Interferometric Coherence Analysis of the Everglades Wetlands, South Florida

Abstract

Interferometric synthetic aperture radar (InSAR) observations of wetlands reveal spatially detailed measurements of water-level changes and quantitative images of flow dynamics. However, lateral variability of wetland vegetation results in a heterogeneous scattering medium, which can affect interferometric coherence levels and can even limit the applicability of the technique. Here, we analyze coherence variations in Southern Florida, which consist of various wetland vegetation types, including sawgrass, graminoid, cypress, mixed shrubs, and mangrove marsh.

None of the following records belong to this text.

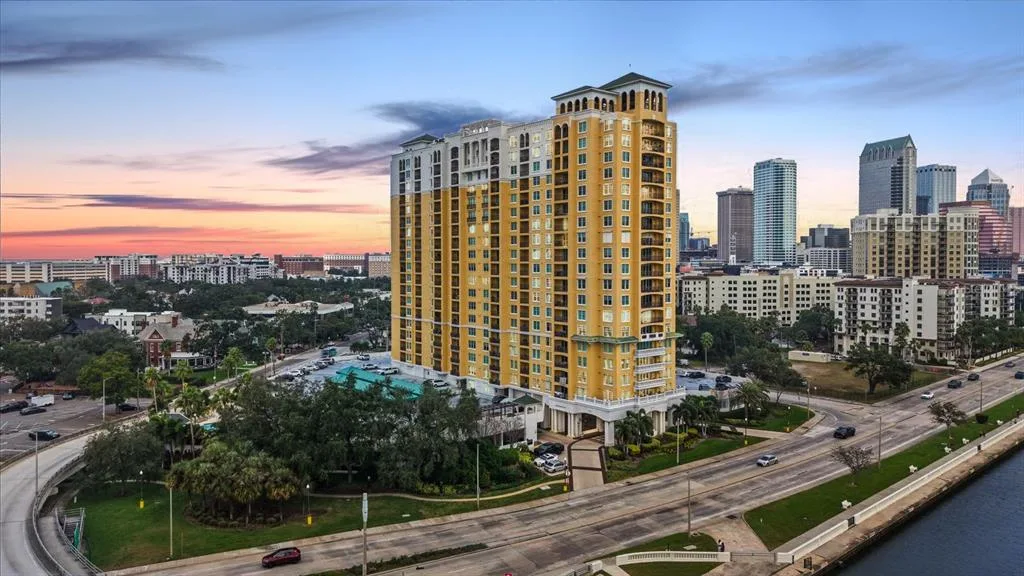 345 BAYSHORE BOULEVARD # 706, TAMPA, FL 33606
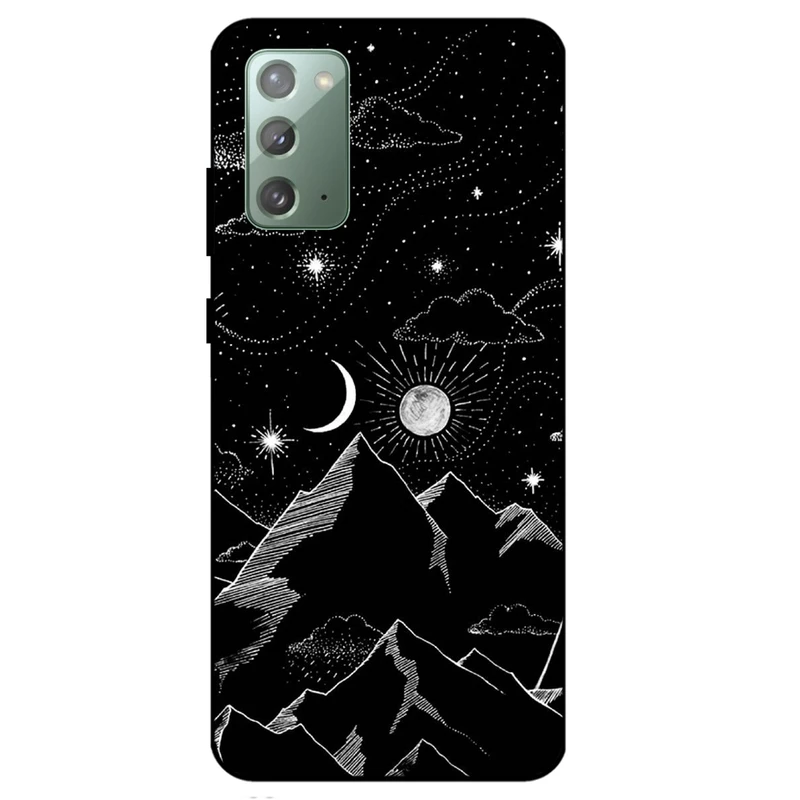 کاور مگافون کد 8078 مناسب برای گوشی موبایل سامسونگ Galaxy Note 20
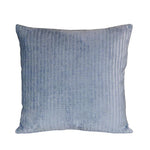 Channels Blue Smoke Pillows - #shop_name Pillows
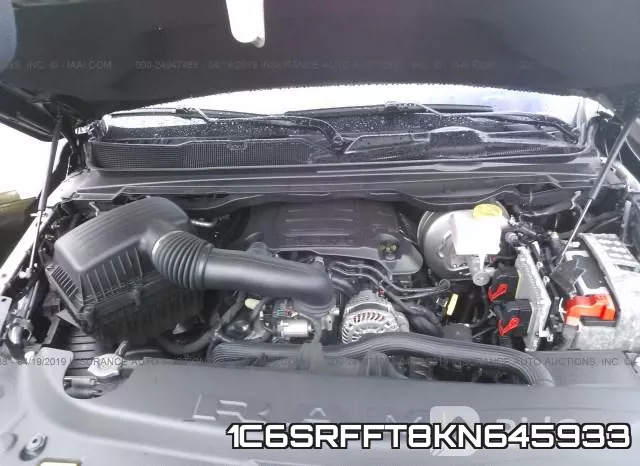 1C6SRFFT8KN645933 фото 2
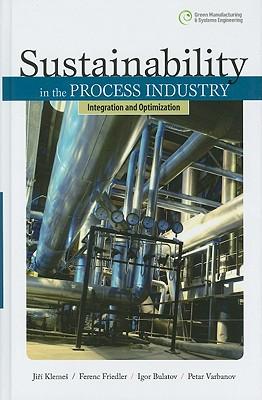 Sustainability in the Process Industry: Integration and Optimization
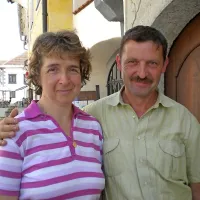 Branka in Damjan Škrlj iz Dan pri Divači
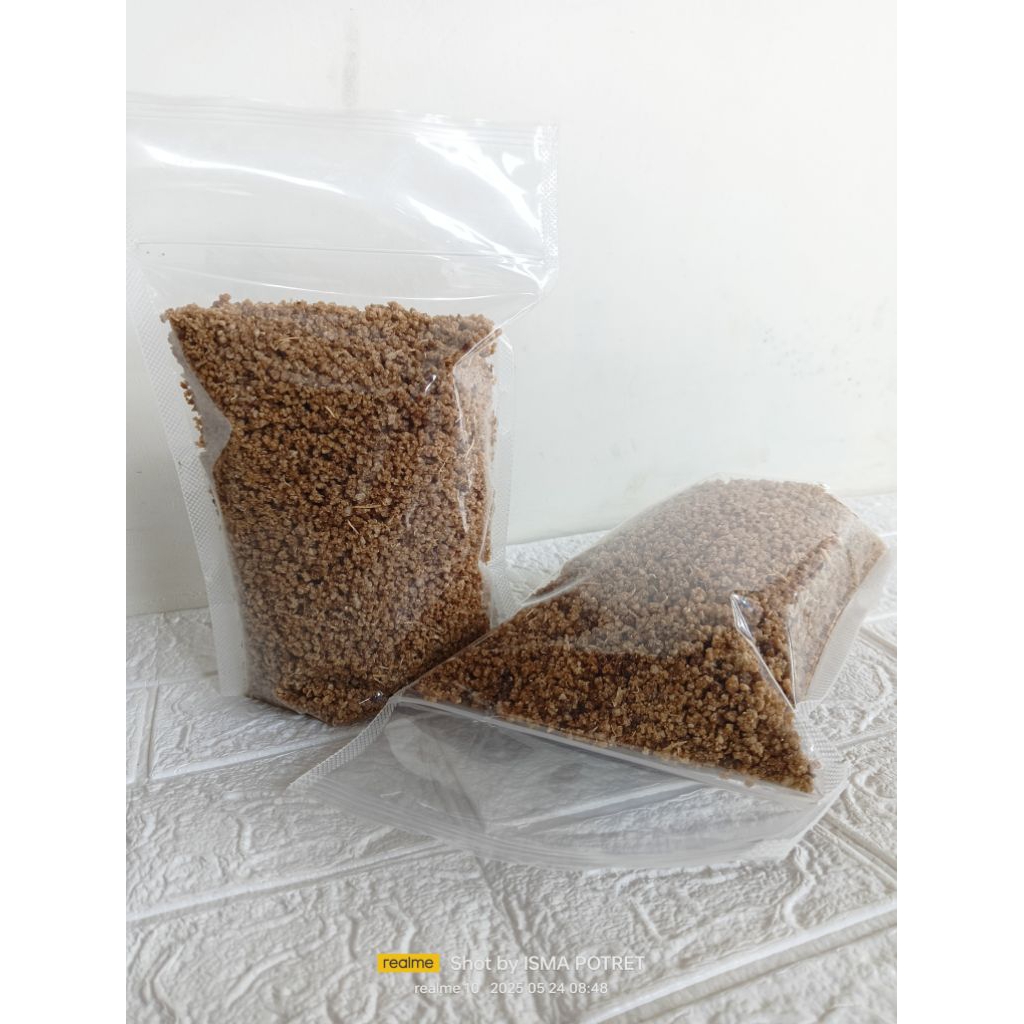 

PRAKTIS TIWUL KERING/ TIWUL SIAP SAJI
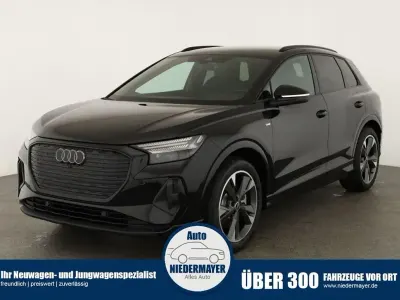 Gebraucht Audi Q4 e-tron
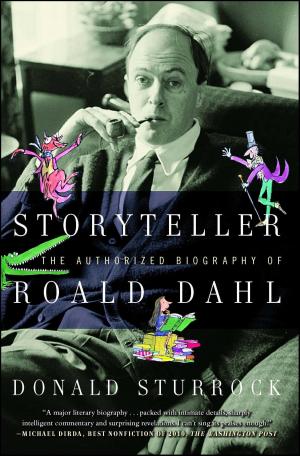 Cover of the book Storyteller by Robert Wilson
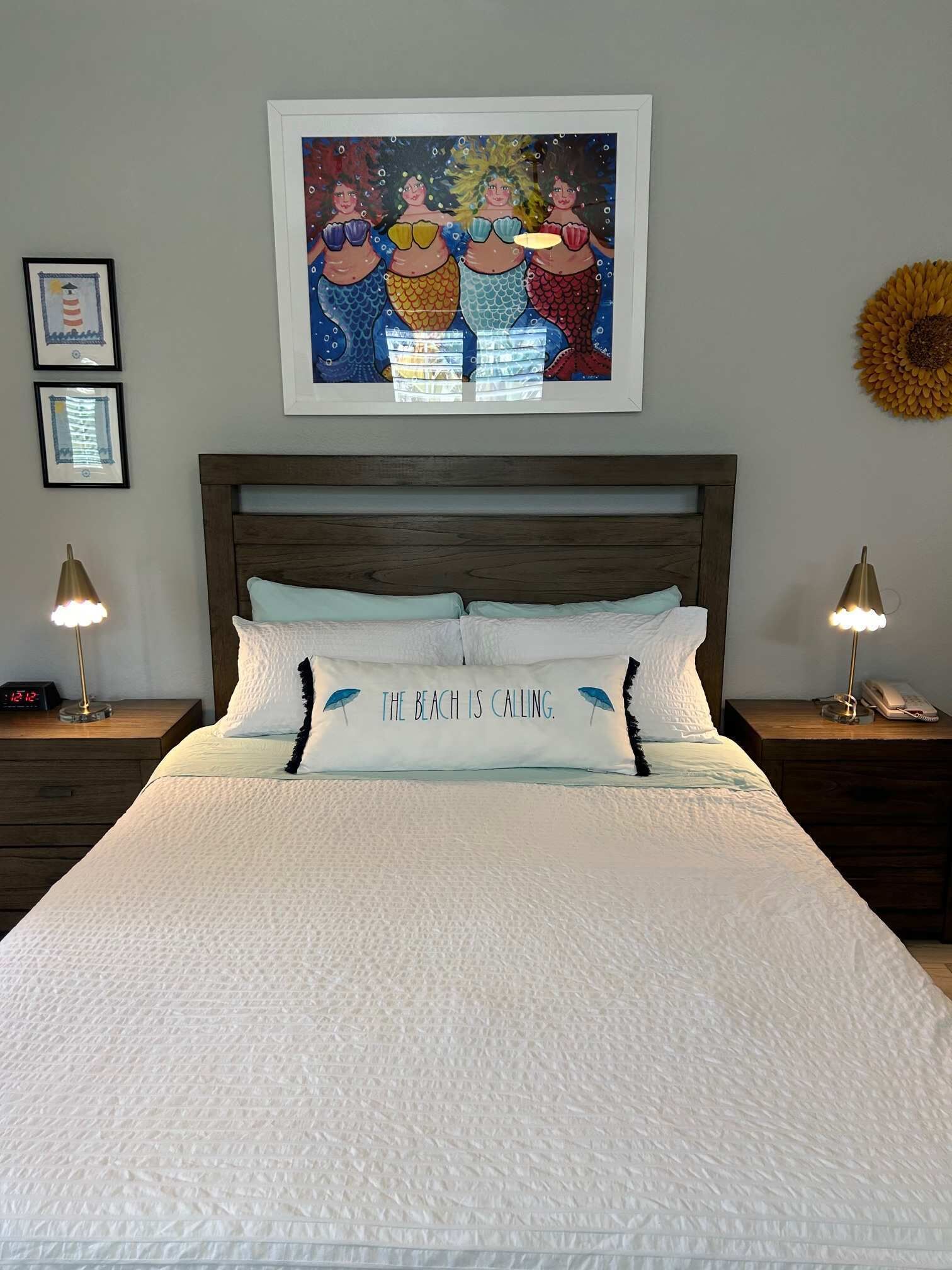 Iron/ironing board, WiFi, wheelchair access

We use JERS-1, ERS-1/2, ENVISAT, and RADARSAT-1 data, to investigate the effect of acquisition parameters and temporal baseline (time span between acquisitions) on the coherence level in the various wetland vegetation environments. The main findings of our coherence analysis are as follows: (1) Woody wetlands, such as cypress and mixed shrubs swamps, have higher coherence levels than herbaceous wetlands of sawgrass and graminoid (cattail) in all SAR data types; (2) the coherence level of C-band data is strongly dependent on temporal baseline, whereas the coherence level of L-band data depends mainly on perpendicular baseline, but to some degree also on temporal baseline; (3) backscatter from JERS-1 and RADARSAT-1 is correlated with coherence in four wetland vegetation types (sawgrass, cypress, mixed shrubs, and mangrove), but ERS backscatter has no relation to coherence, except over sawgrass marsh. Finally, our study clearly indicates that high resolution, HH polarization, and small incidence angle observations are most suitable for wetland InSAR applications.